Though well validated, the CIDI isn’t specifically developed to assess psychiatric symptoms associated with disorders during pregnancy and postpartum. Of course thus, while severe cases of postnatal depressions could’ve been detected, less severe presentations could’ve been overlooked as natural consequences of childbirth. Let me tell you something. Singapore to have either major or minor depression and 12 dot 5percent to have anxiety disorders, that were relatively higher than our finding of 9 for mood disorders and 7 for anxiety disorders. One possible reason for this discrepant finding between Chee et al.

Edinburgh Postnatal Depression Scale designed specifically to measure postpartum depressive symptoms.

This is in contrast to lowincome and ‘lowmiddle’ income countries whereby poverty not only limits access to proper and timely health care but also restricts their ability to afford these services.

One reason for the low prevalence of postpartum depression among Singaporean women as compared to other Asian countries going to be due to Singapore ranking relatively higher looking at the HDI compared to other countries. Besides, the high amount of development not only allows individuals to have access to good quality healthcare services but also allows them to seek proper treatment for these psychiatric conditions. MDD symptoms to be lowest among noninstitutionalized Taiwanese adults followed by Koreans and Americans. Conversely, past studies have suggested some difference in symptom expression between the Western and Asian populations. Asians to have a higher tendency to somatize their symptoms compared to the Western population whereas Hwu et al. Oates et al. Asian cultures to have a ‘relatively high tolerance for or denial of emotional sufferings’. In line with this, Liao et al. Of the 3317 female respondents in the SMHS, 2278 reported having biological children. Furthermore, the age at first pregnancy was deduced by first subtracting the age of the first biological child from the woman’s age and further deducting 1year from this to account for the duration of pregnancy.

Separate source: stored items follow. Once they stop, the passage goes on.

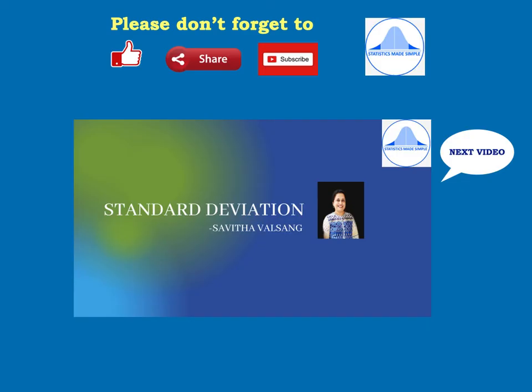Mean deviation from the mean is an important topic, and one should be thorough with the calculation of the mean, median, and mode for discrete and continuous data, especially to calculate the mean deviation. Practice the problems. Thank you all for watching, and look out for my next video where we will learn about standard deviation.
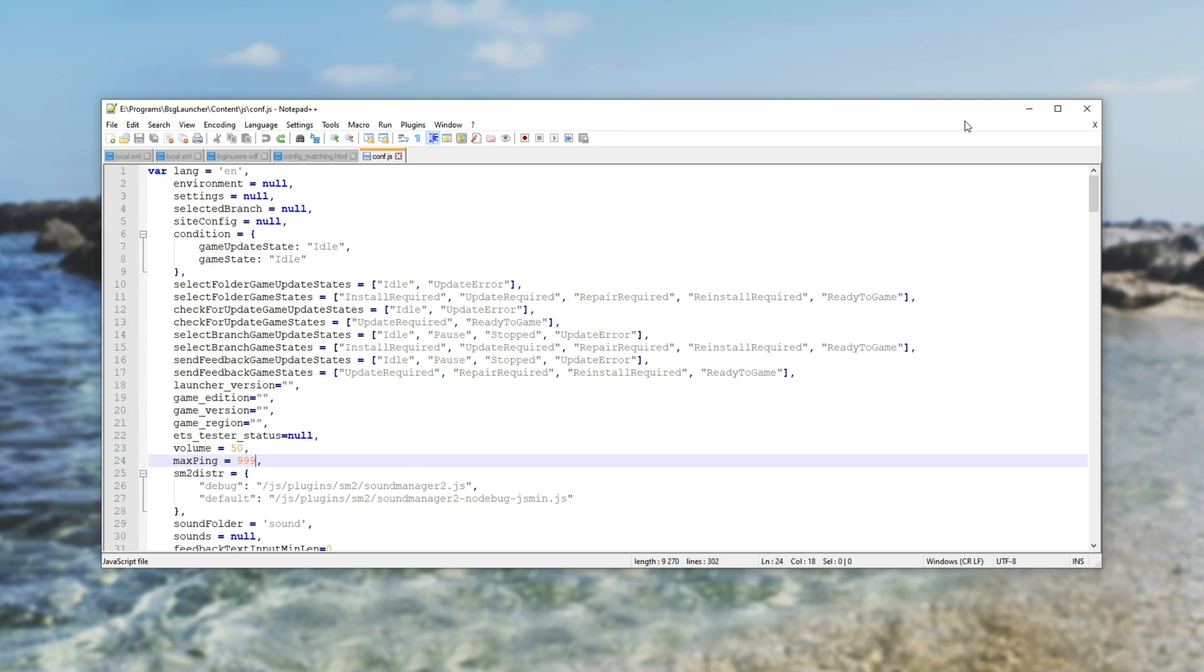Of course, playing on high ping isn't recommended because it will make the experience a lot worse. However, if you have no choice or you just need a better search ping, then this may be suitable for you. Of course, the inverse is true as well.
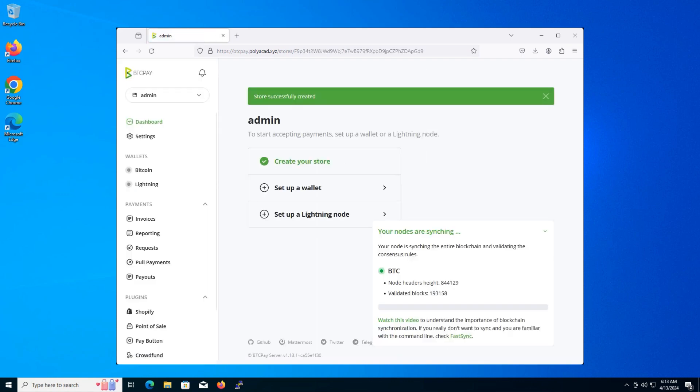Congratulations. You've successfully created your first store on your BTCPay server. And then you find the campus page.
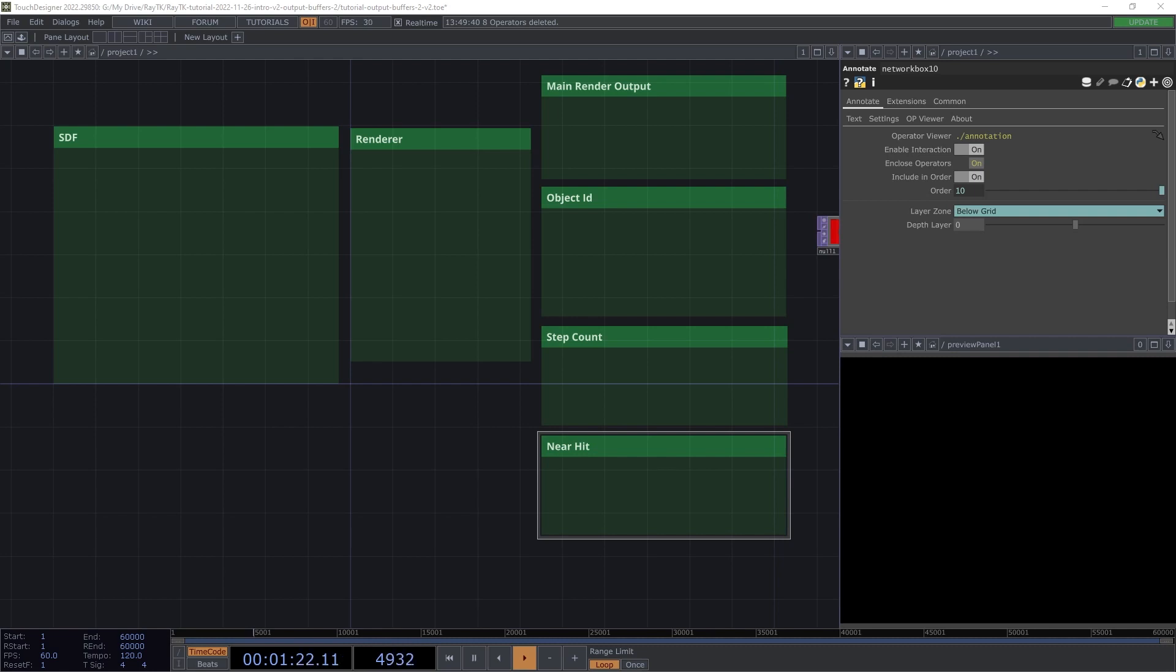We'll be covering a few different types of outputs. Object ID, which masks specific objects. Step count, which shows the number of ray-marching steps taken for each pixel. And near hit, which shows where rays pass close to objects in the scene.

With OCD being the most prevalent mental disorder within 2years after a woman’s pregnancy, the onset of anxiety disorders in the current study was found to be associated with the time of pregnancy and particularly in the postpartum.

OCD in the adult Singapore resident population to be considerably lower than those in western countries.

Evolutionary theories for example, posit that intrusive thoughts and obsessional thoughts may to some extent represent adaptive behaviors meant to protect their infants from possible harm. Similarly, Subramaniam et al. That said, this finding corroborated with past research which have shown anxiety disorders to be common in the course of the postpartum period. Now regarding the aforementioned fact… Singapore adult population compared to the US. Basically the current finding of high prevalence of OCD was also partially supportive of an earlier study conducted by Chong et al. Although, with increased vulnerability following delivery, the prevalence of mental disorders during pregnancy and postpartum was found to be low among women with children in our community sample.

It’s a well-known fact that the perinatal period is identified as a period of vulnerability for various disorders, that have been associated with negative outcomes for both mother and infant.